This is potentially the best post I have ever seen on data integrity testing. I believe data engineering reliability is probably the single biggest area of weakness in sophisticated data organizations today, and almost every organization could learn a lot from the CI practices outlined in this post.
Google Cloud Composer is now in Beta
Speaking of Airflow…
Today, Google Cloud is announcing the beta launch of Cloud Composer, a managed Apache Airflow service, to make workflow creation and management easy, powerful, and consistent.
Over the past 2-3 years, Airflow has gone from being one option for orchestration to being the option for orchestration. It’s now an Apache project, has hundreds of contributors, and I almost never find myself having conversations about what were previously other solutions to this problem (Luigi, Azkaban, Oozie…).
There are certainly other managed Airflow solutions, but this is the first one released by a major cloud provider to my knowledge, which means its going to be a lot cheaper than the other options out there today. Likely more reliable, too.
If you’re running Airflow and managing the infrastructure yourself, this deserves a look.
Command Line Tricks For Data Scientists
Aspiring to master the command line should be on every developer’s list, especially data scientists. Learning the ins and outs of your terminal will undeniably make you more productive.
I really could not agree more. I’ve personally made the transition from GUI to command line over the past two years and, while still not an expert by any stretch, am now far more efficient for it. This post includes basic stuff (like head) but eventually gets pretty real with sed and awk.
If you’re interested in improving your productivity, command line proficiency is probably your single best investment.
Another creative post from FlowingData. The above image is a 3-D printed heatmap of shots made by Steph Curry. The post contains around 20 similar prints, each with analyses like this:
Stephen Curry of the Golden State Warriors makes a lot of threes and shoots mid-range shots fairly evenly across the floor. The most distinguishing characteristic is how far away from the line that Curry makes threes. This is more obvious when you actually hold the distribution and compare it against others.
I’m not an NBA fan, but I am super-interested about what cheap, good 3-D printing will do to the accessibility of data. If people more frequently held physical copies of data analyses, would that change their emotional responses? Would it improve accessibility? Would we be able to identify patterns more easily?

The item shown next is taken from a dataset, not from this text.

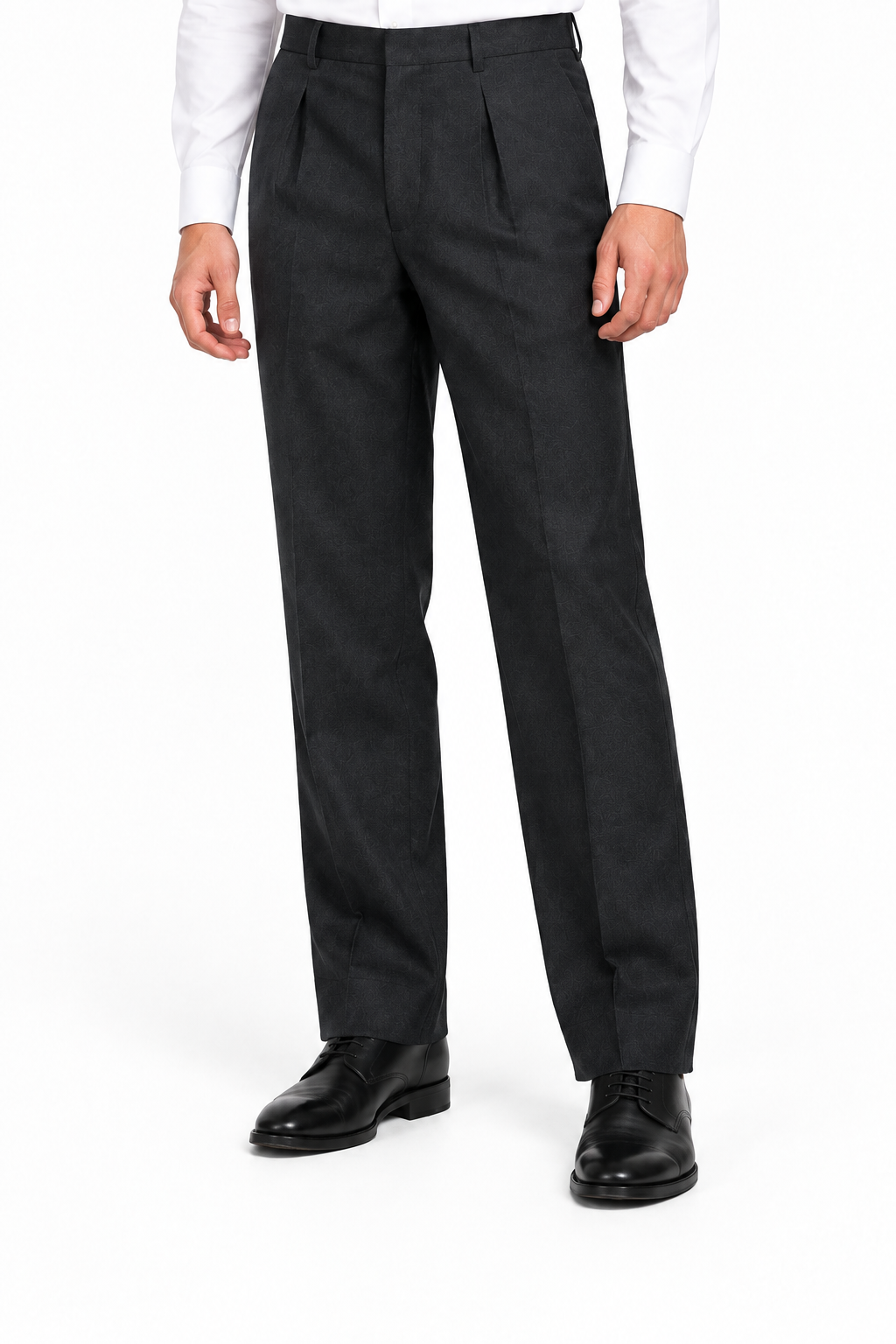 AI model image cropped from waist to feet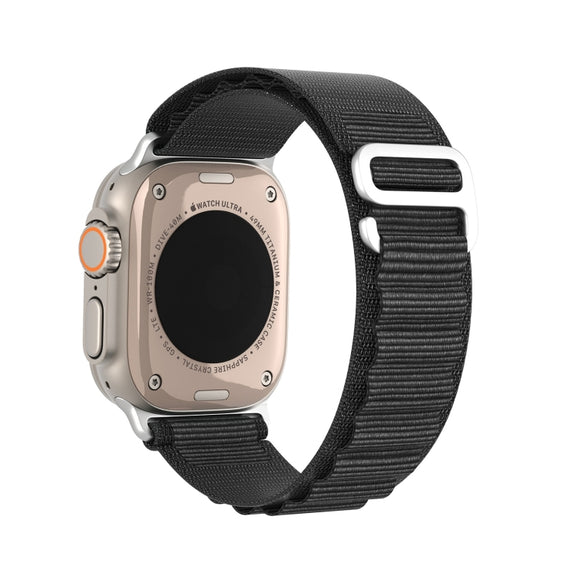 For Apple Watch Ultra 2 49mm DUX DUCIS GS Series Nylon Loop Watch Band(Black)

50+ Useful Machine Learning & Prediction APIs
Wow—the cloud ML API space has certainly grown quickly. The first of these APIs were being released circa 2015 and now there are really quite a lot of them. The article groups them into image recognition, NLP, translation, and prediction.
If you’re solving one of these tasks in an upcoming project, it may make sense to see what’s available off the shelf first.
Alphabet: 2017 Founders’ Letter
Sergey Brin’s annual letter this year was heavily focused on AI. It likely doesn’t contain anything brand new to you, but I found it to be one of the most concise framings for the current state of computing. A couple of quotes:
The new spring in artificial intelligence is the most significant development in computing in my lifetime. When we started the company, neural networks were a forgotten footnote in computer science; a remnant of the AI winter of the 1980’s. Yet today, this broad brush of technology has found an astounding number of applications.
The Pentium IIs we used in the first year of Google performed about 100 million floating point operations per second. The GPUs we use today perform about 20 trillion such operations — a factor of about 200,000 difference — and our very own TPUs are now capable of 180 trillion (180,000,000,000,000) floating point operations per second.
Data Viz of the Week
“1,000 years of History in 10 Seconds”
What a powerful tool to understand European history! There are so many stories contained in this image! The Irish struggle for independence, the rise and fall of the Ottoman Empire, the myriad of principalities that arose in the vacuum of power after the Holy Roman Empire collapsed. And of course, the conquest of basically all of Russia by the Golden Horde. I really think this is so cool…wish I could step through it frame-by-frame.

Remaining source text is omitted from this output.